Apple will invite third-party developers next February to build actual iPhone applications aside from the limiting web-based ones that are currently supported.
Apple has jumped back and forth from its position on third-party apps since May, when it said it was “wrestling with the idea” of allowing them. In June, the company teased developers by authorizing only web-based applications, which meant any software not made by Apple had to run on the Safari browser, instead of on the iPhone platform itself.
Apple’s restrictive policy against third-party iPhone apps didn’t stop hackers from developing Jailbreak, an unauthorized program that “frees the iPhone” by opening it up to virtually any third-party software.
Unfortunately, hacks like Jailbreak are disabled after every iPhone software update, which pits Apple in a battle against developers, who scramble to recreate the modifications after each update.
Jailbreak and similar programs like iRingtoner and iToner made the iPhone as an open platform truly appealing. I think people like the idea that the iPhone could do almost anything if you open it up to third-party development. iPhone hacks were all the rage in August. In fact, my article on how to Jailbreak your iPhone was the most-viewed article in both August and September.

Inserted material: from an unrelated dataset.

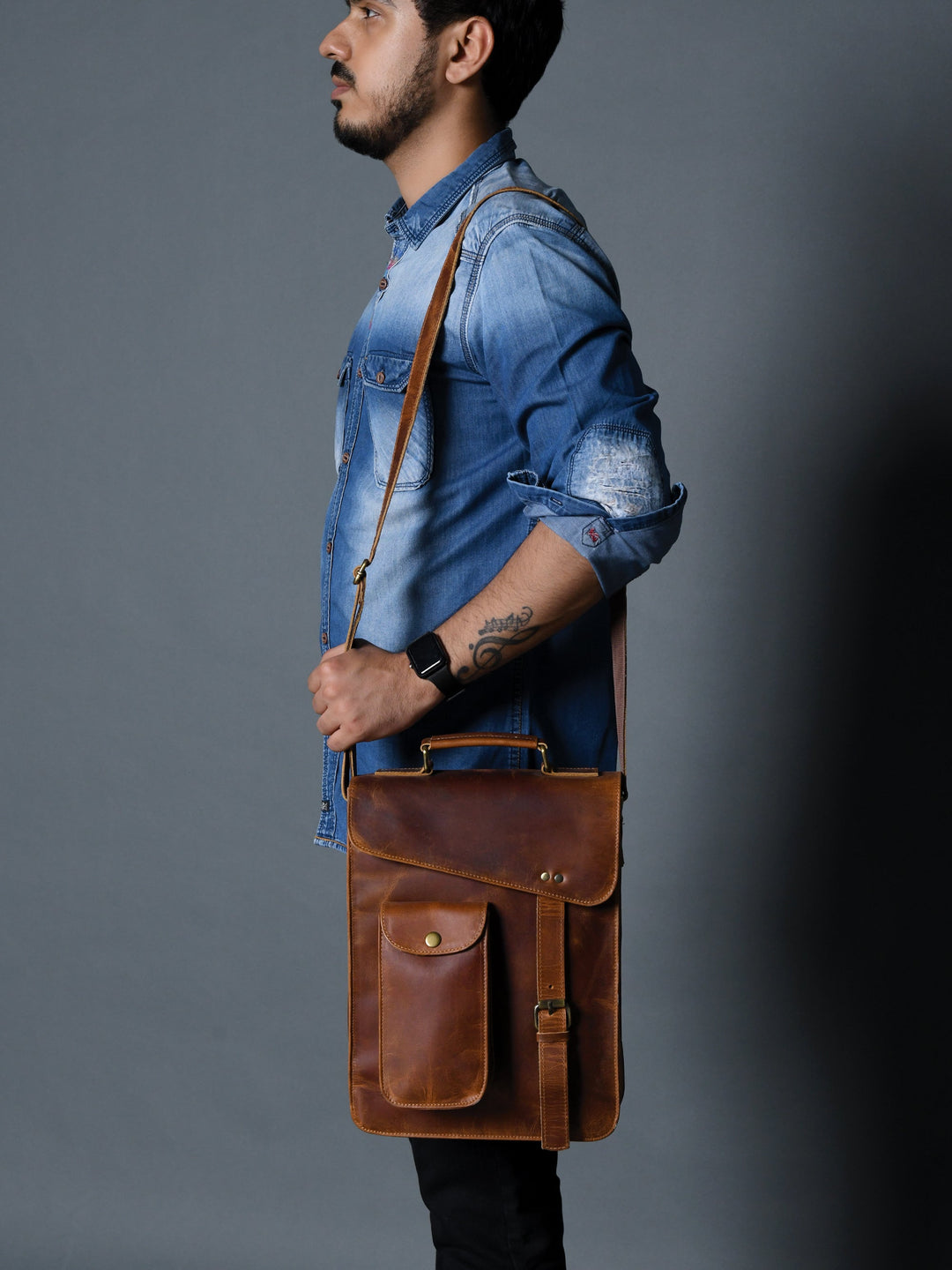 Brown leather crossbody bag worn on body, front flap and vertical pockets
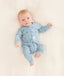 A baby is lying in a neutral color blanket wearing an ergoPouch Long Sleeve Romper in Dragonflies.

Perhaps noting increased public interest in iPhone applications, Apple unveiled a database of over 200 third-party web apps for the iPhone. Now Steve Jobs is talking about opening up the iPhone platform to third-party developers in February.
The platform won’t be “totally open” because applications will be screened for security, but Jobs says he believes Apple is headed in the right direction, and I agree.
I wonder whether plans to open up the iPhone platform would have come about so soon had it not been for the active iPhone hacking community, which sparked a lot of interest and debate about the iPhone development platform by working hard to free the iPhone and to build hundreds of great applications.
I can only hope that Apple’s application screening process is free of bureaucracy, and that only apps that threaten the iPhone’s security are rejected. Would you be concerned about security if Apple allowed ANYONE to create iPhone applications and distribute them? Do you think it’s necessary for Apple to screen the apps for approval?